BURROS DAS PESTANAS BRANCAS
Clerisvaldo B. Chagas, 23 de outubro de 2014
Crônica Nº 1.288

Nos bons tempos, Seu Manezinho Chagas comprava aquilo que achava interessante. Foi assim que adquiriu um animal estranho apontado por uns como jumento e, por outros, como burro. Para quem não sabe burro é burro, jumento é jumento. Explicando, jumento é filho do jumento com jumenta; burro é filho de jumento com égua ou de cavalo com jumenta. Burro é estéril e resistente às longas caminhadas.
Ainda no período em que o Sertão alagoano era abastecido de água através do jegue em quatro ancoretas, com água de cacimba dos rios secos, estava ali o quadrúpede negociado.

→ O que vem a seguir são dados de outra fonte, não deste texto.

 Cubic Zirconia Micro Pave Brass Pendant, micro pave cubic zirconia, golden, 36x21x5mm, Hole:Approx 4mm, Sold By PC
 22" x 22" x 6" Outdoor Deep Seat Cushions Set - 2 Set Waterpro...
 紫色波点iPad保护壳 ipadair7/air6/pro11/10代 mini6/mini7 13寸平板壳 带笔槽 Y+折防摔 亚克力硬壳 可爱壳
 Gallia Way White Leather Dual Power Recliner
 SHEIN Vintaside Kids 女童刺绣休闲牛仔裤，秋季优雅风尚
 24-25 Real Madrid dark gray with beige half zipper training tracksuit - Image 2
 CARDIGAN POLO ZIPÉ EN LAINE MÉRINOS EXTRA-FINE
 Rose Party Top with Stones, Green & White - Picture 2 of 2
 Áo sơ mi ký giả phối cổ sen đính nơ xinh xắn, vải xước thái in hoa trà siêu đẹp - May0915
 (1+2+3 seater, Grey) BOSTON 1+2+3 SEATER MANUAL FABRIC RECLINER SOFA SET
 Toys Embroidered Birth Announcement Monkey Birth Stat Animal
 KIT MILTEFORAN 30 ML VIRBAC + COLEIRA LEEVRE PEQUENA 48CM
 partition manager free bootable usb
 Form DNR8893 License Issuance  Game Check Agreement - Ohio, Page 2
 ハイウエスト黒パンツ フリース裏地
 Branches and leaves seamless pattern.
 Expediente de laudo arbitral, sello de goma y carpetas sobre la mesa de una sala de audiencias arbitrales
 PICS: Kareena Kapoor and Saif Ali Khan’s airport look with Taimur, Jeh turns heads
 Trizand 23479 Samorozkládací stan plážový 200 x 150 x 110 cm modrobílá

Animal branco, roliço, cauda longa, pestana branca, não havia ninguém que não parasse para vê-lo. “Hem hem ─ falava o passante ─ Como é bonitinho! É um jumento ou um burro? Não havia quem dirimisse a dúvida.
O danado representava um feixe de nervos. Até o vento fazia-o saltar de lado. Para carregar cangalha e ancoretas era capaz de quebrar os recipientes com os sustos vindos do nada. Um passarinho, uma folha seca, uma besteira, era o suficiente para o pulo de gato. Colocado na sela, repentinamente derrubava o cavaleiro ao simples balançar de um galho na estrada.
xxx
O mundo sertanejo é repleto de ditos, ditados, provérbios, máximas ou que se dê o nome que quiser. Um deles diz que “é melhor um cachorro amigo que um amigo cachorro”. Outro fala que “quem faz de cachorro gente, fica com o rabo na mão”. Um terceiro, semelhante, reza: “Quem dá rabo a nambu ficar suru”.
Não foi uma vez só que fiquei com o rabo na mão. Creio que o amigo leitor, também. Você tem um amigo, pensa que é seu amigo seguro e de repente: bummmm! Você ficou suru. A vida é pródiga em nos apresentar amigos cachorros. Amigo mesmo é o que nossos pais já falavam: pai e mãe. Por mais que você se prepare, companheiro, dificilmente não provará esse fel marcante em sua vida.
E para lhe derrubar de repente, o velho mundo redondo está quadrado de burros das pestanas brancas.